Connect AWS Redshift

Connect your AWS Redshift source to Bigeye.

1. Allow Bigeye's IP Address

For Bigeye to connect to your Redshift database, edit inbound rules to add Bigeye's IP address ( 35.163.65.120 ) in your Cluster’s Security Group settings:

  1. Log in to the Redshift Management Console.
  2. Select Clusters from the left sidebar, and select the cluster you want to connect to Bigeye.
  3. From the Cluster Details page, navigate to the Properties tab and scroll to the Network and Security section.
  4. Under VPC Security Groups, click the Security Group you want to use to allow communication from Bigeye.
  5. Click the Inbound Rules tab at the bottom of the page and click Edit.
  6. Click Add Rule to add a new Inbound Rule.
    a.
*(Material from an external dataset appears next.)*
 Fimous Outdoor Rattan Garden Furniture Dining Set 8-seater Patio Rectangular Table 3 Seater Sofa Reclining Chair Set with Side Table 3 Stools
Set the Type to Redshift.
    b. Adjust the Port, if required.
    c. Enter Bigeye's IP address into the Source field: 35.163.65.120
  7. Click Save rules.

2. Make the Redshift cluster publicly accessible

  1. From the AWS Management Console, navigate to the Amazon Redshift console.
  2. On the navigation menu, choose CLUSTERS.
  3. Select the cluster that you want to modify.
  4. Choose Actions.
  5. Edit the Publicly accessible setting.
  6. Choose Enable.
  7. Choose Save changes.

3. Create a user for Bigeye

Create a dedicated user for Bigeye and grant SELECT permissions to the tables that the user must access.
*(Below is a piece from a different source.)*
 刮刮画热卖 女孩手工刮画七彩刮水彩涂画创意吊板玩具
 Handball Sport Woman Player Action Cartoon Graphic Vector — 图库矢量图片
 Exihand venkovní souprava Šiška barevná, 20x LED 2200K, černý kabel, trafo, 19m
To create a new user, go back to the Redshift console, connect the query editor to your data source, and run the query below, replacing <bigeye_user> and <password> with your new username and password combination:

📘

The password must contain at least one uppercase, one lowercase, and one numeric character.

CREATE USER <bigeye_user> WITH PASSWORD '<password>' SYSLOG ACCESS UNRESTRICTED;
GRANT SELECT ON svv_table_info to <username>`;

To grant select permissions on all tables in a schema, run the query below, replacing <schema_name> with the name of your schema and <bigeye_user> with the user you created above.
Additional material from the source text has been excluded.